Every September, freshers at the University of Edinburgh can collect, for free, all the stuff left behind by previous graduate students. This project, and the cooperative behind it, shows the crucial role of young people in fighting climate change.
Several years, a group of students at the University of Edinburgh noticed that when students moved out of halls of residence, they would often leave behind items which they could not carry or felt no use for anymore. All of this used to end up in the bin, headed for landfill. A few months later, new students would buy new materials which would end up in the bin at the end of the year.
Shocked at the waste and determined to stop the cycle, these students decided to act. They came together and at the end of the academic year collected this so-called “waste”, stored it over the summer, and redistributed it through hosting a ‘free shop’ at the beginning of the new student term.

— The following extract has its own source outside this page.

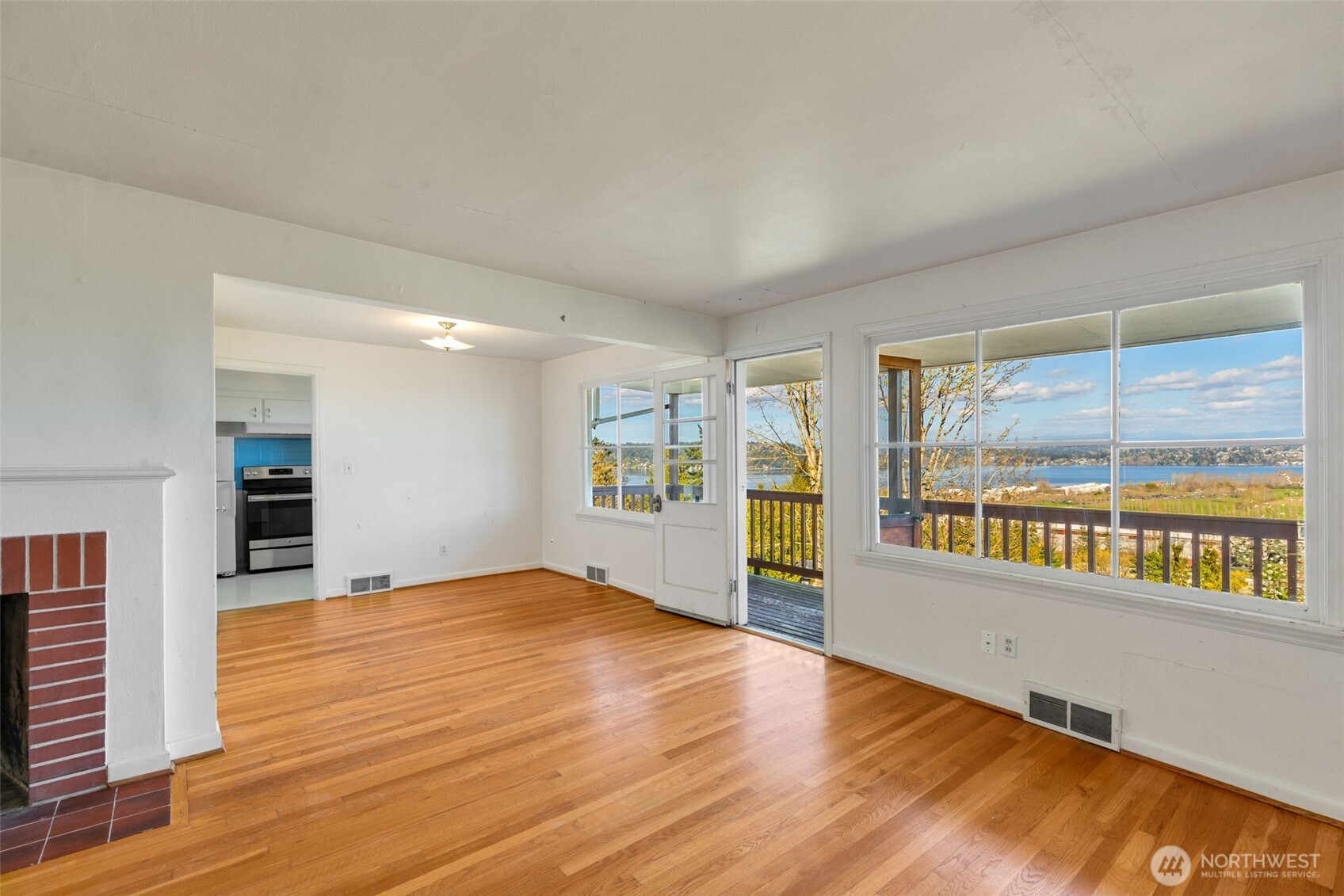 7508 56th Avenue NE, Seattle, WA 98115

Quickly, The September free shop was recognised as a great success, with nearly everything that had been stored being reclaimed by new students. After two years, 12 tonnes of stuff had already been saved from landfill.
Inspired by the considerable impact of this simple action, students decided to expand it. In 2013, they funded the Swap and Reuse Hub (Shrub), a cooperative whose goal would be to encourage sustainable actions all year long. Not only would it hold the collected waste and provide a permanent free shop throughout the year, it would also grow well beyond its initial intention.
The Shrub has now 330 members, 200 volunteers and 6 part time members of staff. It holds a swap shop four times a week, where people can exchange what they don’t need for what they do need. At the same time, the organisation tackles food waste through its Food Sharing network, which redistributes unused food from businesses to the local community and facilitates one to one food sharing between local residents.
As well as intercepting resources, the Shrub organises workshops that explore creative reuse and encourages people to act. Two times a week, The Wee spoke Hub sees trained volunteers help people to fix their own bike for free.
The organisation also hosts many events and movies in order to raise awareness on issues of sustainability and social justice.
“There is no waste, only resources in the wrong place” best describes the Shrub’s ethos. Three years after its creation, the student-led cooperative has become a leading hub for creative reuse in Edinburgh, promoting a wide range of actions toward a circular economy. The success of this initiative is yet another proof of the crucial role of young people in fighting climate change.